■ EXERCISE DIRECTIONS
Find, in the records below, the line that contains "French Poison - Radio Play Auditions" and the line that contains "Un dettaglio di Legion GO Un". Copy those two lines and everything between them exactly, but not the pictures.

■ GIVEN RECORDS
┌────────

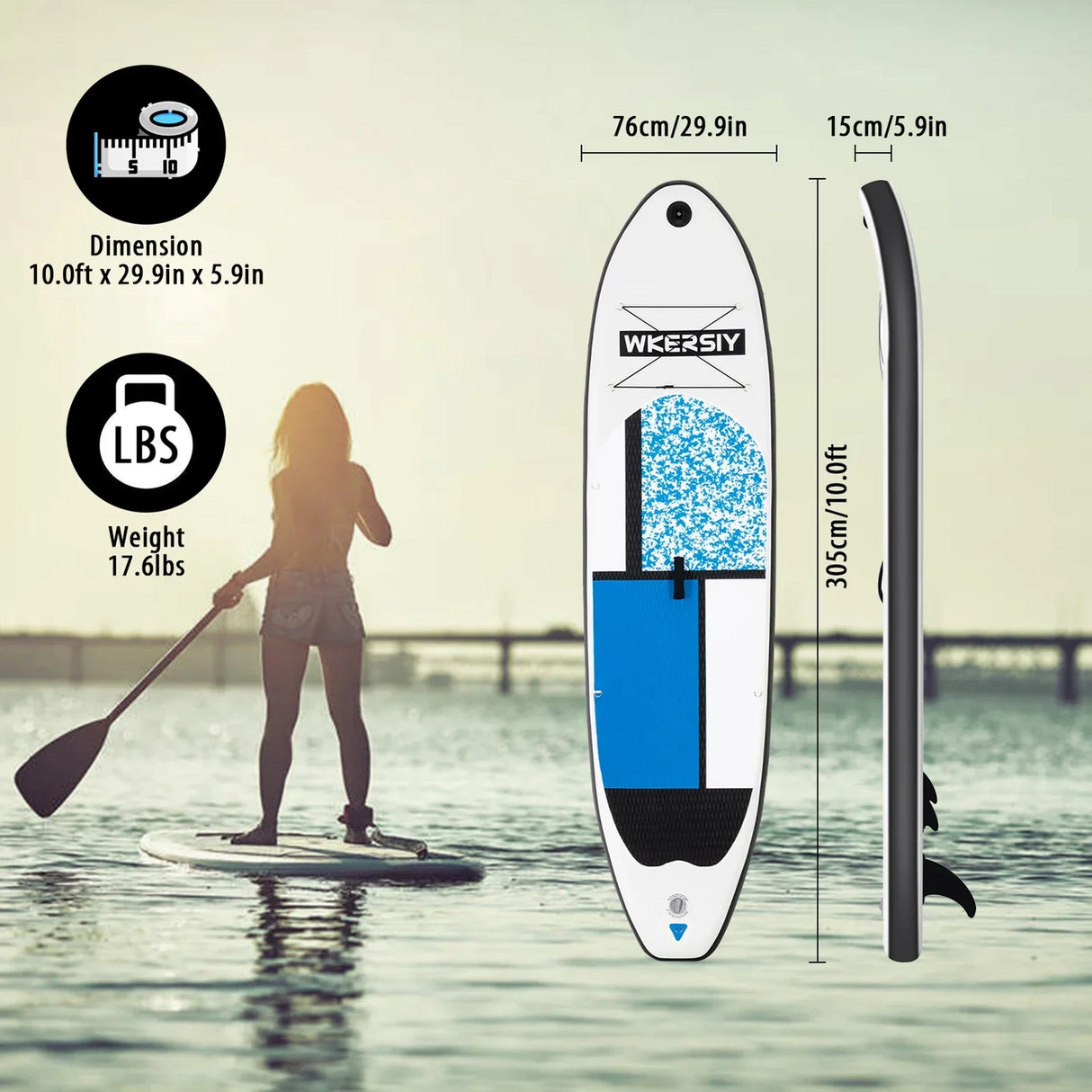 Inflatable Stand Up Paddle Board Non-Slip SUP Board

└────────
┌────────

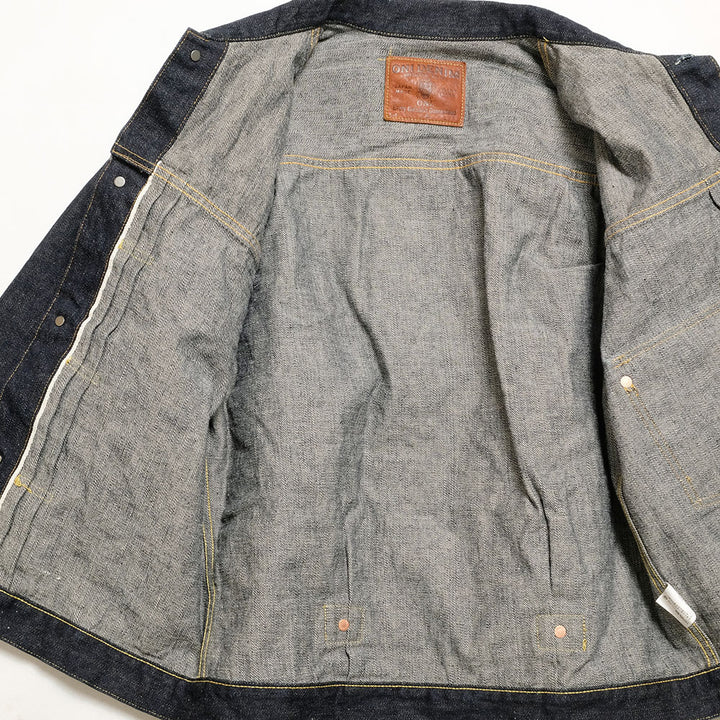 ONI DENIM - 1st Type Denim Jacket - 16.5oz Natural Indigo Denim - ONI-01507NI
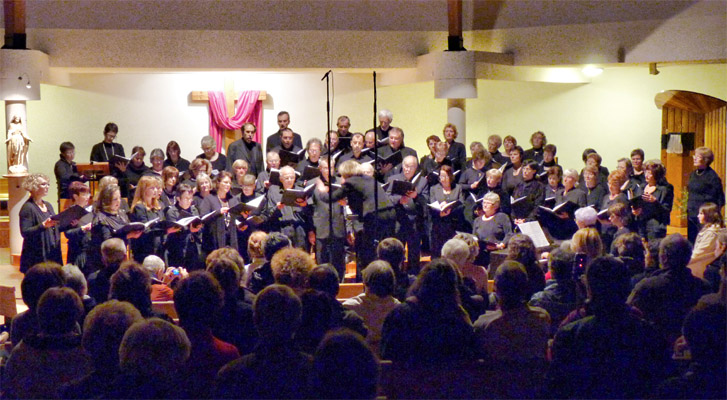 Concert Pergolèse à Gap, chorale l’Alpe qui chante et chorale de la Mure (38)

└────────
┌────────

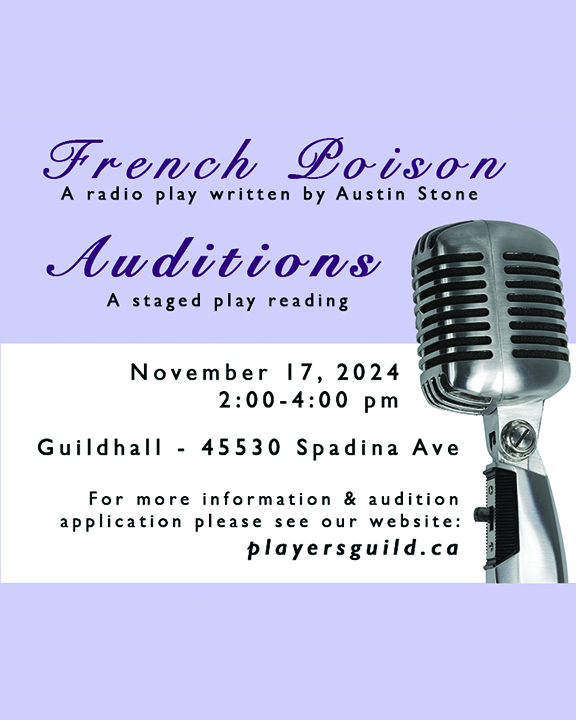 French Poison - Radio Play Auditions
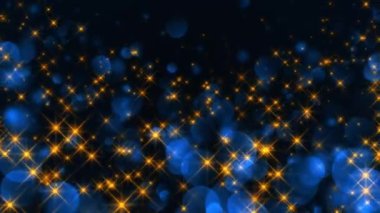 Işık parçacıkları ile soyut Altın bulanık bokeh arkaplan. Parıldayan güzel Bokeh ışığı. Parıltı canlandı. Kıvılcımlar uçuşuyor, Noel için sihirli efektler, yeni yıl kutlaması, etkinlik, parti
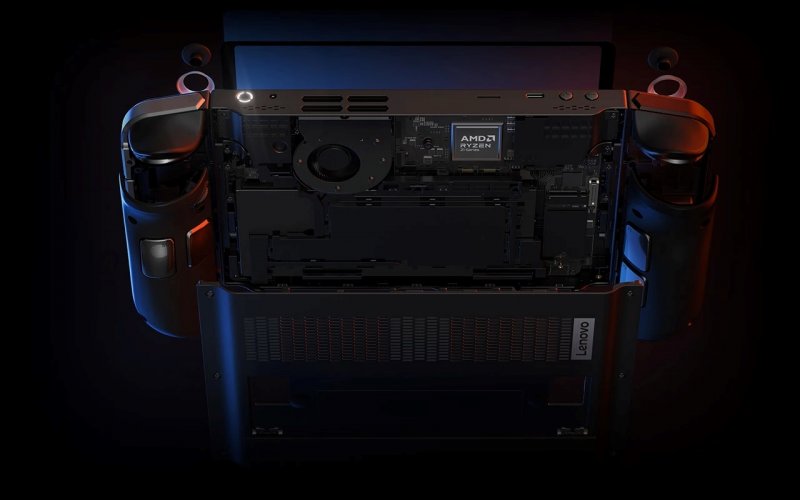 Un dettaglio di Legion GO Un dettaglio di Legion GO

└────────

■ WRITTEN SOLUTION
 French Poison - Radio Play Auditions
 Işık parçacıkları ile soyut Altın bulanık bokeh arkaplan. Parıldayan güzel Bokeh ışığı. Parıltı canlandı. Kıvılcımlar uçuşuyor, Noel için sihirli efektler, yeni yıl kutlaması, etkinlik, parti
 Un dettaglio di Legion GO Un dettaglio di Legion GO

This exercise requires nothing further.